● WHAT NEEDS TO BE DONE
Each line from the one holding "Внедорожник / Кроссовер" to the last line below must be restated word for word, and no picture may be included.

● AVAILABLE DATA
########

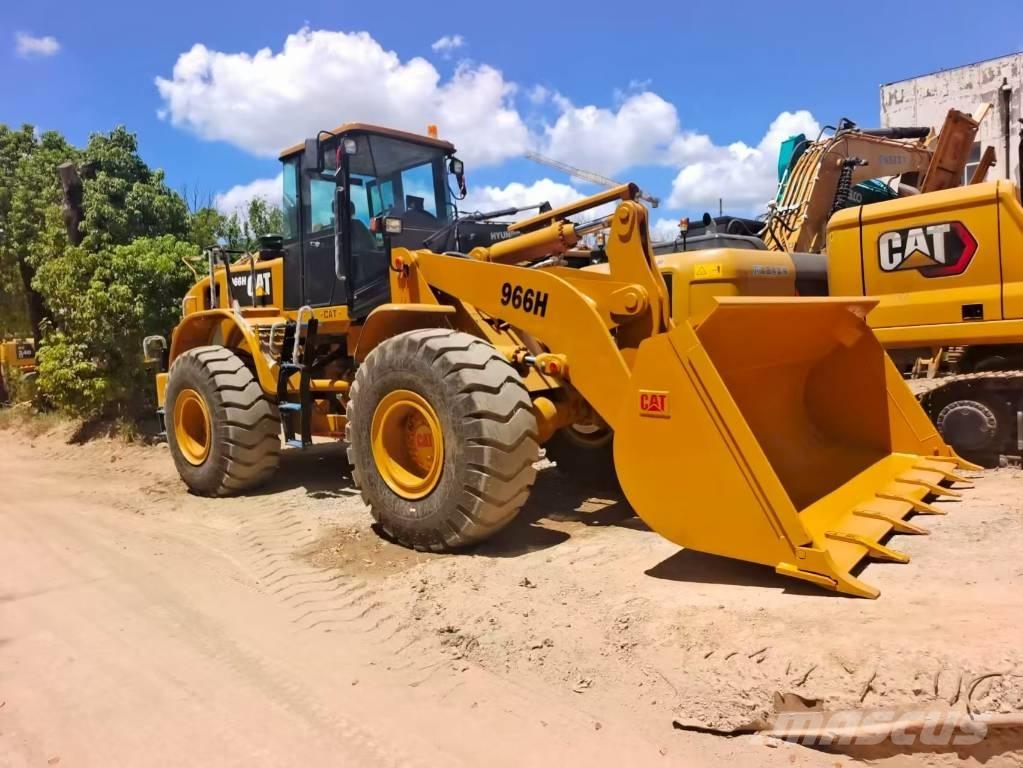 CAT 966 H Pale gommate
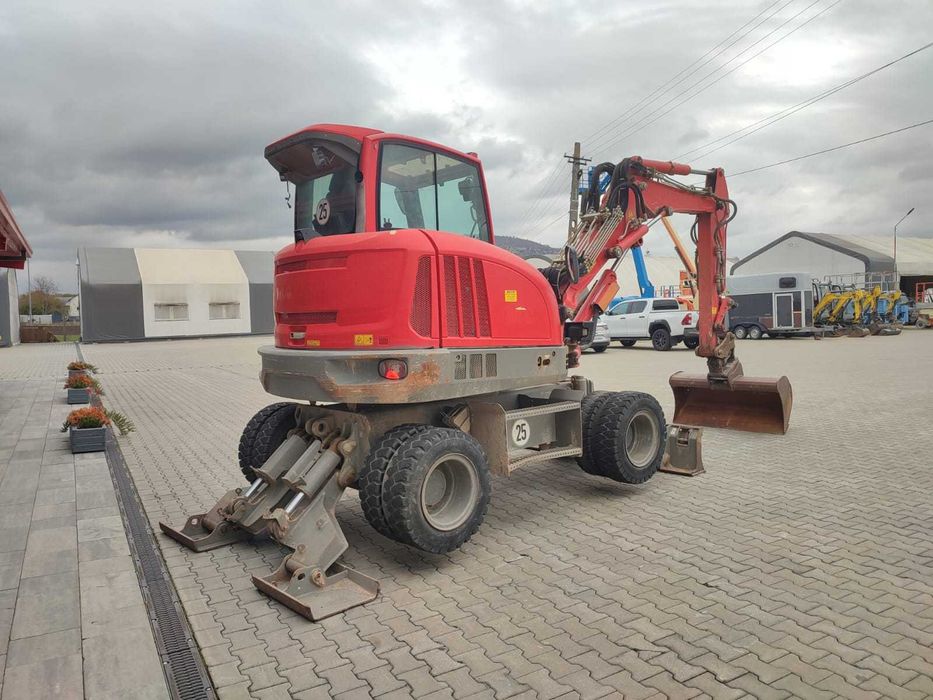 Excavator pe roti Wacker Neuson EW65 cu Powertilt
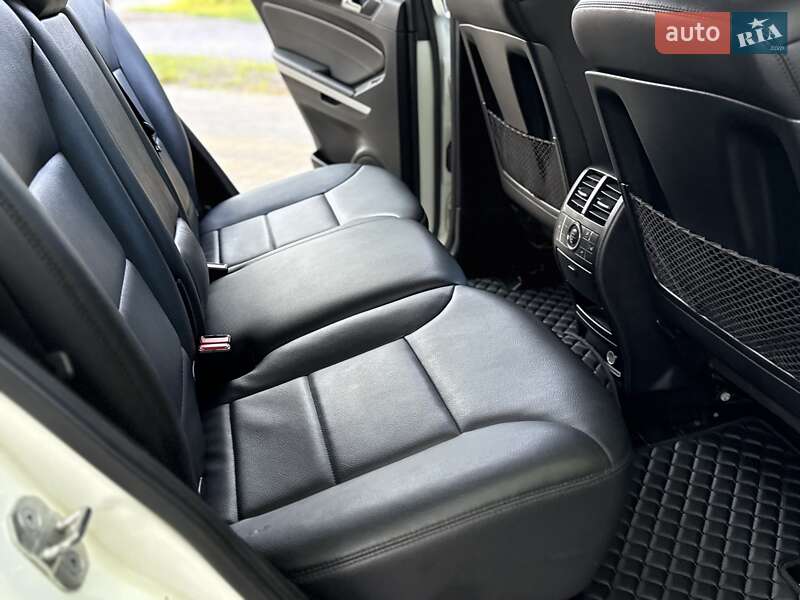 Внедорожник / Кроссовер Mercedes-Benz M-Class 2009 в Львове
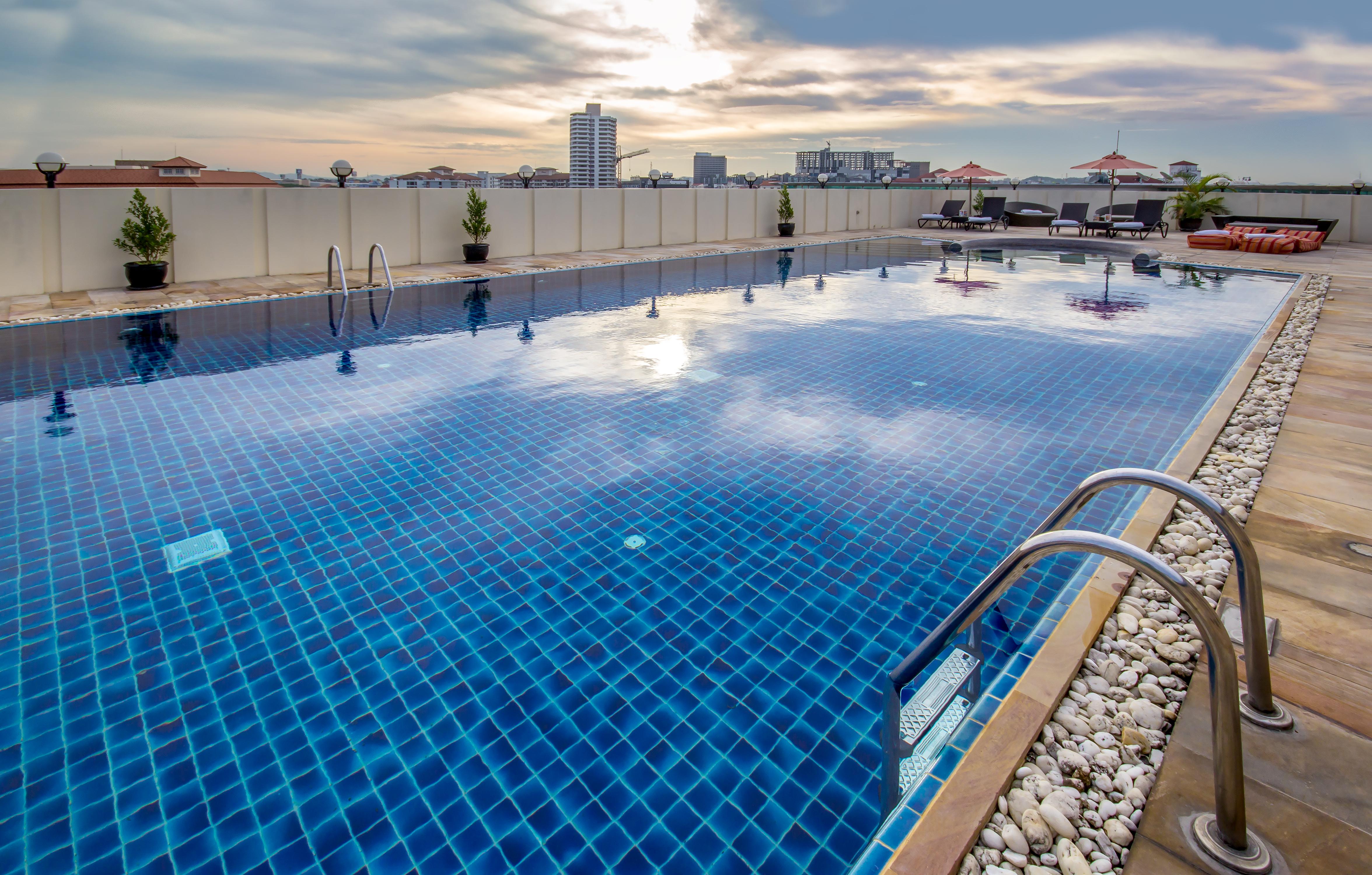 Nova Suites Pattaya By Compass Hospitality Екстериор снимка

########

● RESPONSE TO THIS TASK
 Внедорожник / Кроссовер Mercedes-Benz M-Class 2009 в Львове
 Nova Suites Pattaya By Compass Hospitality Екстериор снимка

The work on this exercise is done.